Ms. Juju would have been happy to be at Big Kids Club forever. Until the first week of October, BKC had full enrollment. But on Oct. 4, only two kids showed up. The rest had enrolled in the new 21st Century Community Learning Center program offered through Ocracoke School.
The 21st Century program is funded by a federal grant, and it offers free after-school tutoring and enrichment to all students in grades K-12. Although Ms. Juju knew that Ocracoke School had gotten the grant, she had no idea what the impact would be on Big Kids Club.
“I felt blindsided,” she said. “It was hard to get my bearings. I think the grant is a good thing, and I can understand parents wanting to support the school and get on board, but I don’t think the little ones in K-2 need that kind of program. They don’t need the tutoring sessions, more school, more rules. They need the loving environment I gave them.”
Ms. Juju and the Youth Center tried to collaborate with the 21st Century program and combine the after-school programs. For a few months, the kids would go to the 21st Century program until 4:30, then Juju would pick them up in the van and bring them to Big Kids Club.
“By the time I got them, they were hungry, tired… and they started being picked up as early as 5. It just wasn’t the same as Big Kids Club,” she said. “My after-school program was fine the way it was, and the new program doesn’t give them what they need.”
The decision to shut down the long-running Big Kids Club program was not an easy one, but with the 21st Century grant in place, Ms. Juju and the OYC board saw no choice.
Bob Chestnut, president of the volunteer OYC board, said, “This program is going to be missed. If you could go back to when it started, you’d see the huge difference it’s made.
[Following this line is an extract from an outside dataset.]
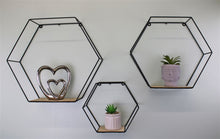 Load image into Gallery viewer, Set Of 3 Hexagonal Wall Shelves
The kids who started Big Kids Club are sophomores and juniors now, and I think Juju has had an immeasurable impact on their lives and the lives of all the kids who’ve been in it. She’ll really be missed, and I feel for the younger ones coming up who won’t have this program.”
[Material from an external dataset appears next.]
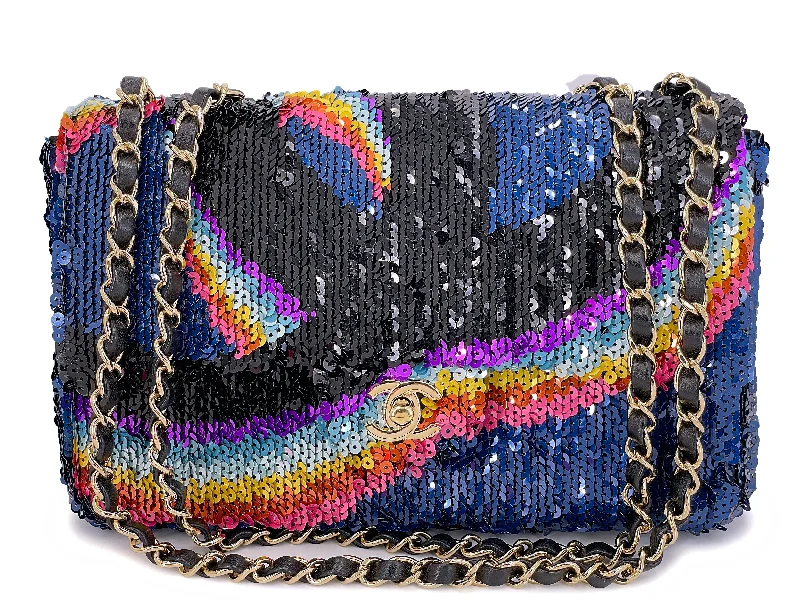 Chanel Handbag with Adjustable Strap for ComfortChanel Rainbow Sequin Flap Bag 21K Medium G6I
OYC Director Karen Lovejoy said, “I’ve never known anyone more committed to children’s well-being than Juju. In the five years we’ve worked together, she’s been absolutely dedicated to those kids. It’s been wonderful year after year to see kids who’ve graduated from Big Kids Club beg to come back and help so they can still be there. They don’t want to leave, which says a lot for the program.”
The Flat Stanley project was the last one Ms. Juju did with the children at Big Kids Club. During the Flat Stanley Returns party in December, Bob Chestnut invited all the kids who’d ever gone to Big Kids Club to come forward.
More than 50 of them, from kindergarteners to high schoolers, crowded the stage around Ms. Juju. She thanked them for being there and then made a request: “Raise your hand if you’re my favorite!”
It was a perfect tribute to Ms. Juju that every kid on that stage raised a hand.